Pour le groupe Coca-Cola, par exemple, ce ne sont pas moins de cinq tournées qui sont organisées: deux pour Coca-Cola, une pour Nestea, une pour Coca-Cola Zero et une pour Finley. Comment dès lors interpeller le vacancier avec une telle concurrence?
«Les marques sont de plus en plus nombreuses à se positionner sur ce créneau, et de manière de plus en plus poussée car, avant, nous étions essentiellement sur des tournées d'échantillonnage, confirme Fabienne Balleux, directrice de l'événementiel chez O-Connection. Le but étant de faire passer au consommateur le plus de temps possible au sein de l'univers de la marque, il faut quelque chose de novateur, qui l'interpelle et le lui donne envie de rester.»

 

Pour Nestea, l'agence a ainsi imaginé un dispositif inattendu construit autour d'une patinoire. Baptisé «Osez quelque chose de différent», dans la droite lignée de la campagne de communication, ce «summer tour» est déployé du 25 juin au 24 août dans 35 sites et invite les vacanciers à la détente, Nestea en main, dans sa «cool zone». Elle vient ainsi se positionner sur un territoire jusque-là adopté par Lipton Ice Tea qui, depuis des années, organise ses «Summer Days», une opération proposant jeux et animations qui est activée en deux temps.
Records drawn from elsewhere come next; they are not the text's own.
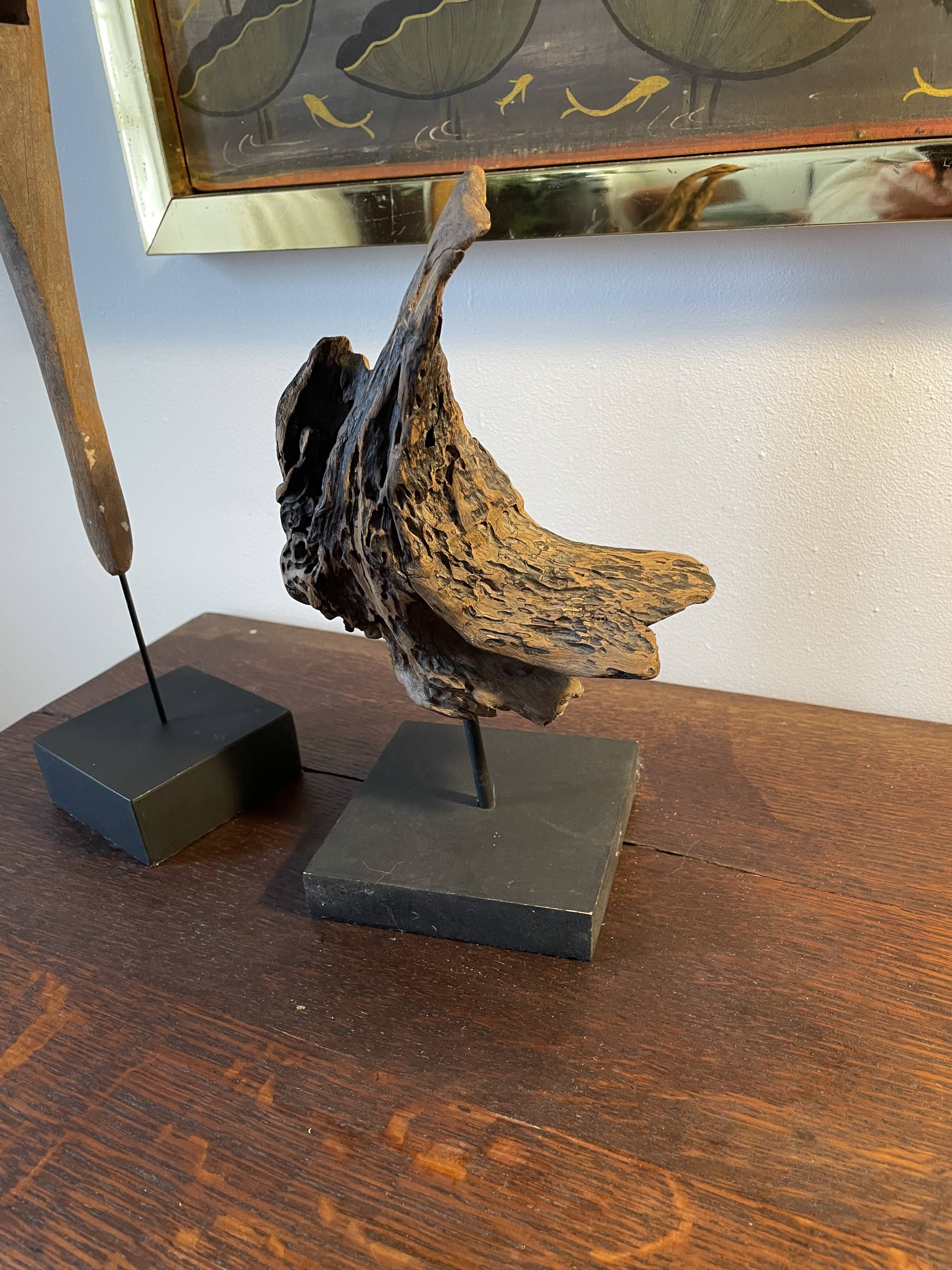 Set of 2 wooden sculptures on base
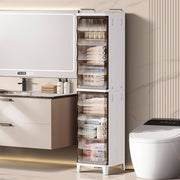 Tall white storage cabinet with transparent doors in a bathroom setting.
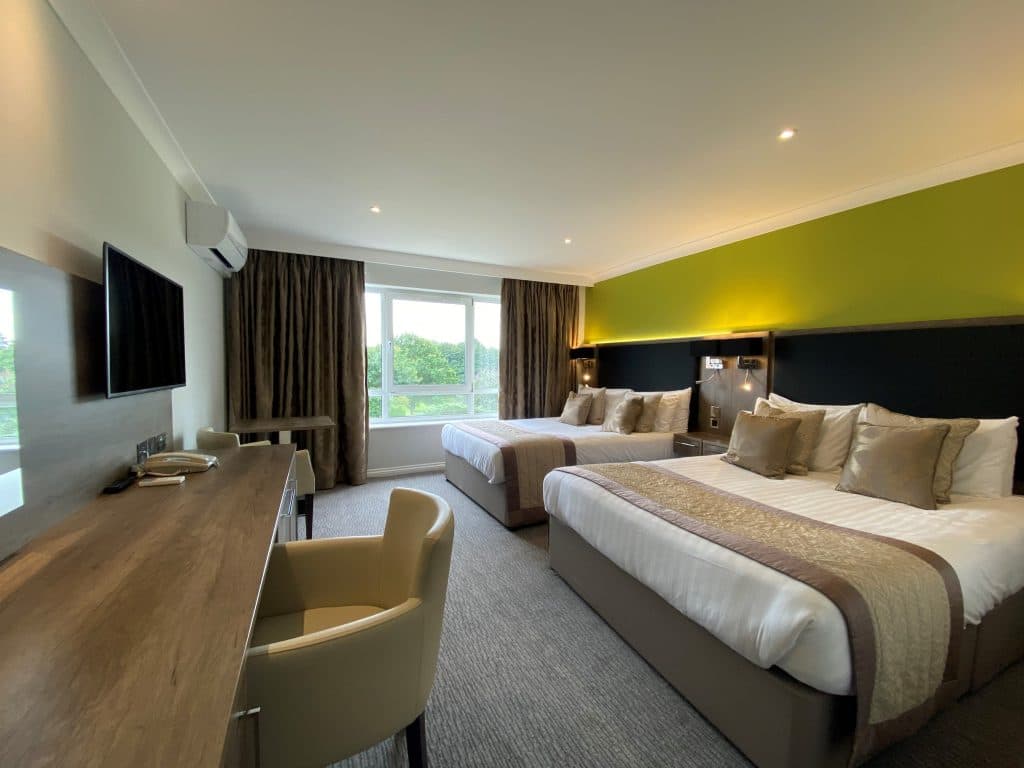 Bedroom in the hotel with two double beds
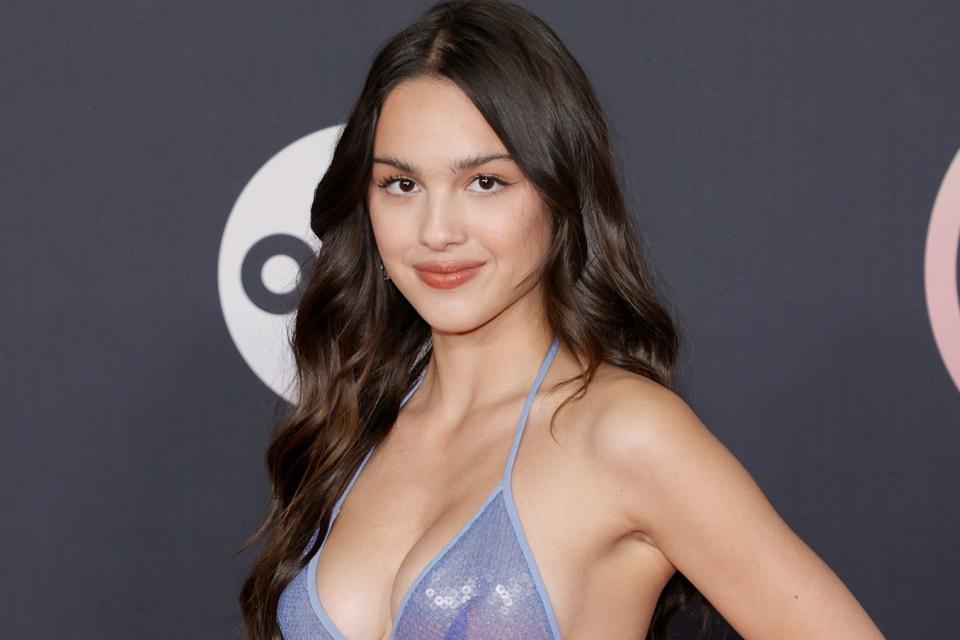 <p>Amy Sussman/Getty </p> Olivia Rodrigo attends the 2021 American Music Awards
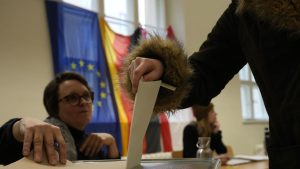 Germans vote below shadow of far-right surge and Trump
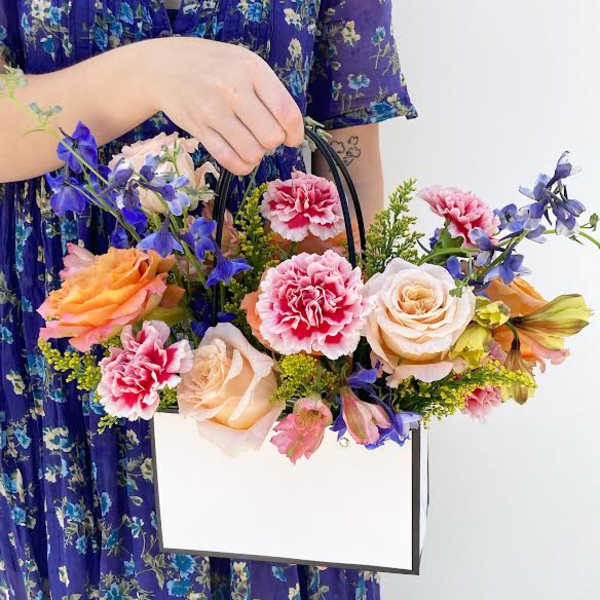 Handheld floral arrangement in a white box bag with roses and carnations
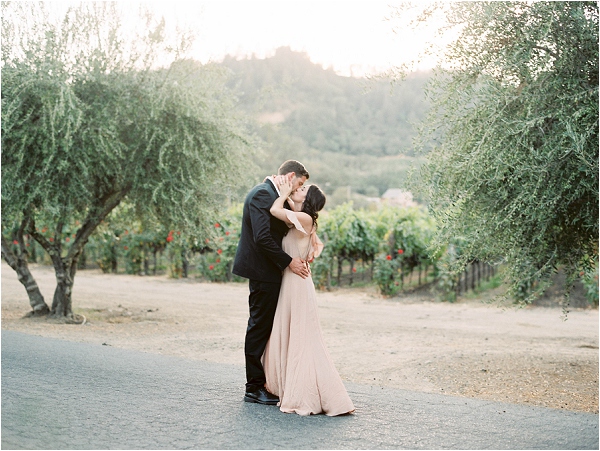 couple kissing in napa vineyards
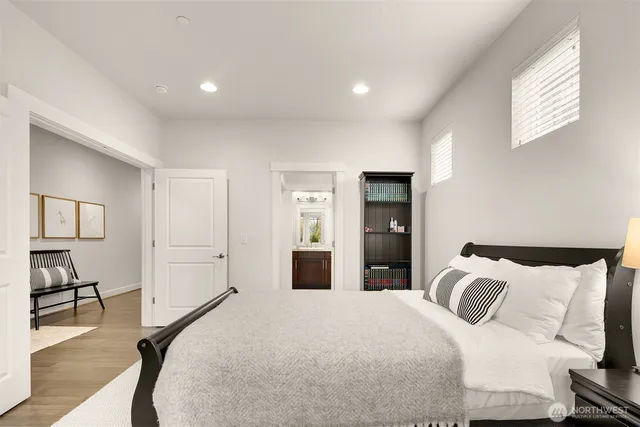 a bathroom with a granite countertop sink toilet and a mirror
La première tournée a été organisée sur les campus et dans les centres-villes du 24 mars au 26 avril, puis la tournée des plages prend le relais du 12 juillet au 14 août.

 

Pour ces dispositifs, les marques rivalisent de créativité et proposent des stands toujours plus grands et toujours plus attractifs. Dans la lignée des bons vieux Club Mickey, Coca-Cola déploie ainsi un espace de 500 mètres carrés pour sa tournée «Le sport ça me dit», qui propose gratuitement aux petits comme aux grands huit ateliers d'activités physiques. Un véritable parcours qui incite à bouger et qui compte attirer quelque 5 000 participants.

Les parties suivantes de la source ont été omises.